Top of Supplied records

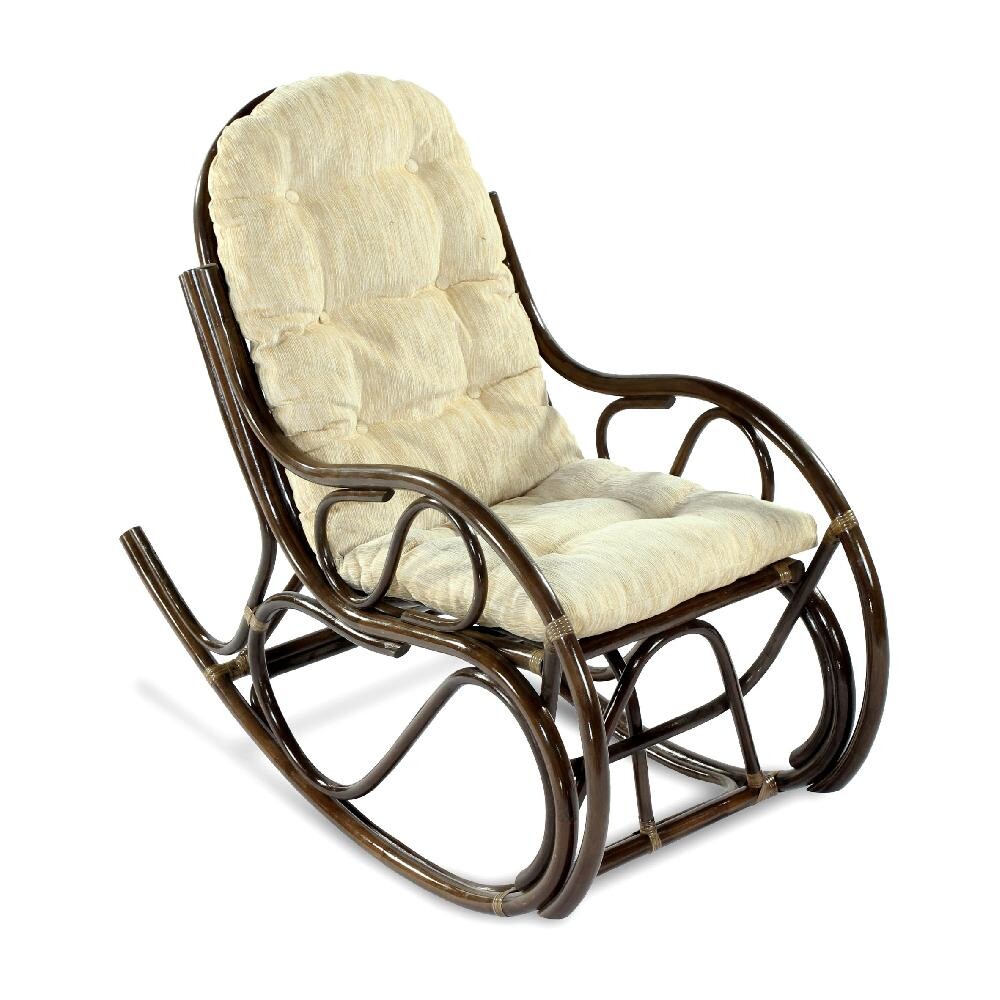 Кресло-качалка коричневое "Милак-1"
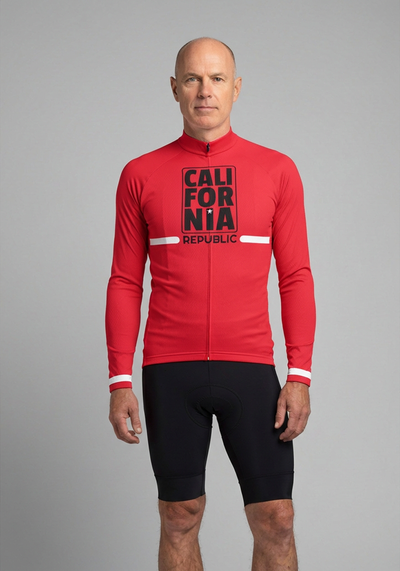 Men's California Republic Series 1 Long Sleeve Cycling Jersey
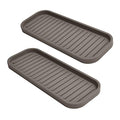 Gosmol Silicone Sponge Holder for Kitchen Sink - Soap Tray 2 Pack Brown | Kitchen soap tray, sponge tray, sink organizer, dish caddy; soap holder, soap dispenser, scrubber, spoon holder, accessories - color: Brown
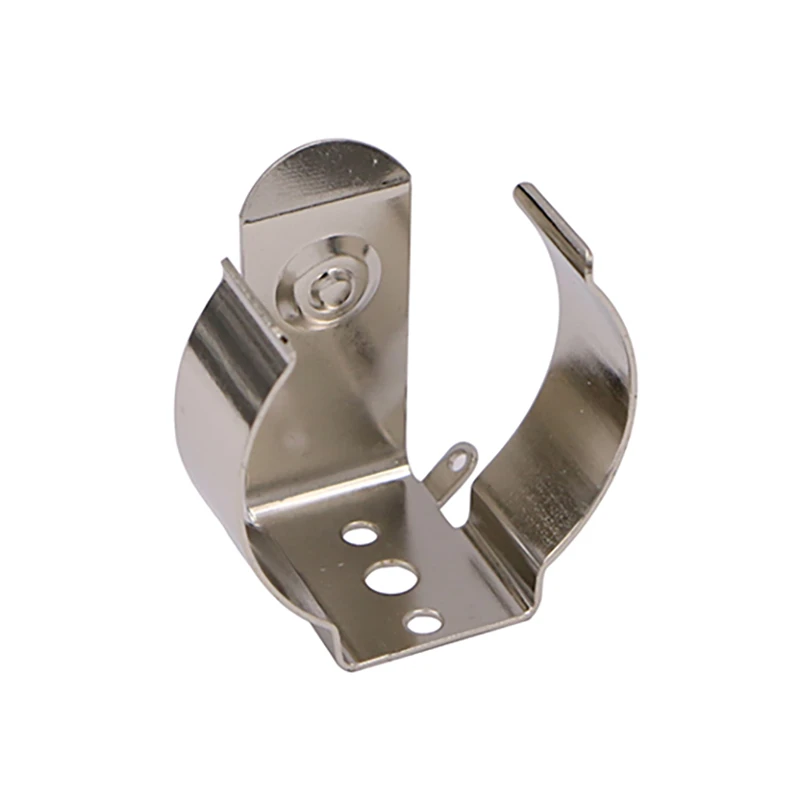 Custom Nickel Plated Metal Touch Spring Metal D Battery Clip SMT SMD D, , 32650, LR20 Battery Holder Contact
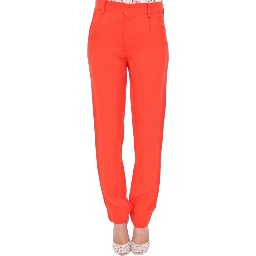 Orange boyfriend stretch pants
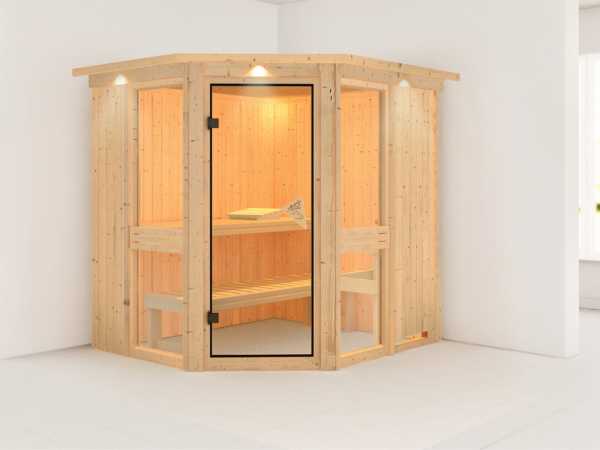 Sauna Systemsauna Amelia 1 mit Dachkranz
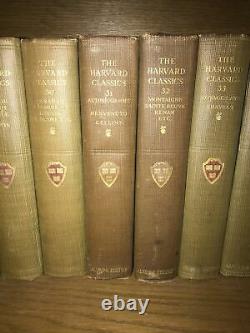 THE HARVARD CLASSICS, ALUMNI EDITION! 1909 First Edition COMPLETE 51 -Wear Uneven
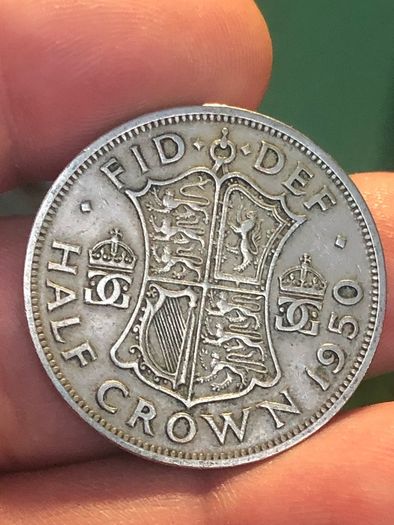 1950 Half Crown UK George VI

Bottom of Supplied records
Top of Supplied records

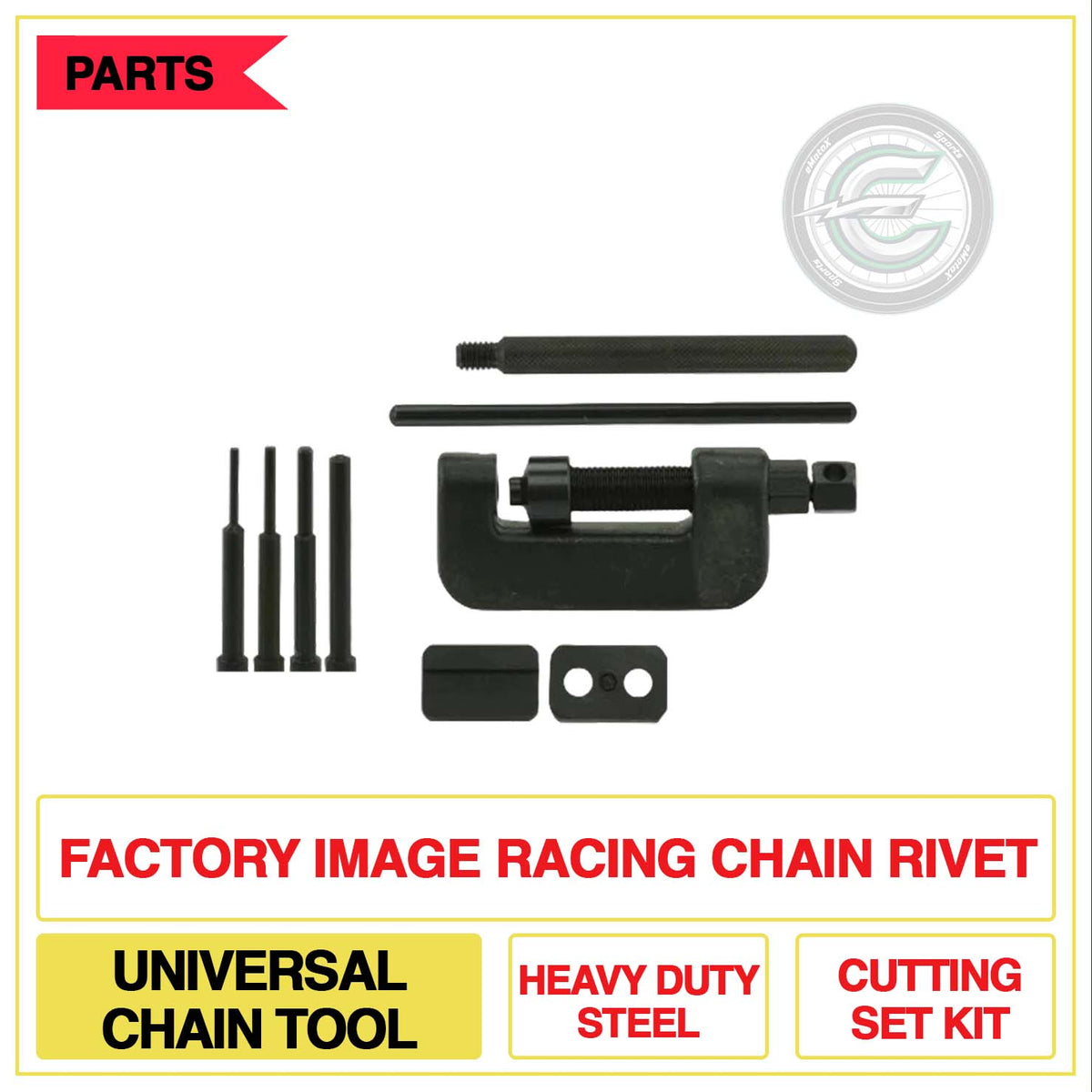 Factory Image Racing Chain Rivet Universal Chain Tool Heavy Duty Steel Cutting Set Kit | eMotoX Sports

Bottom of Supplied records

- Task goal -
Taking the entries above, copy word for word the lines from the one with "Men's California Republic" up to and including the one with "THE HARVARD CLASSICS, ALUMNI", without any picture.

- Answer to the exercise -
 Men's California Republic Series 1 Long Sleeve Cycling Jersey
 Gosmol Silicone Sponge Holder for Kitchen Sink - Soap Tray 2 Pack Brown | Kitchen soap tray, sponge tray, sink organizer, dish caddy; soap holder, soap dispenser, scrubber, spoon holder, accessories - color: Brown
 Custom Nickel Plated Metal Touch Spring Metal D Battery Clip SMT SMD D, , 32650, LR20 Battery Holder Contact
 Orange boyfriend stretch pants
 Sauna Systemsauna Amelia 1 mit Dachkranz
 THE HARVARD CLASSICS, ALUMNI EDITION! 1909 First Edition COMPLETE 51 -Wear Uneven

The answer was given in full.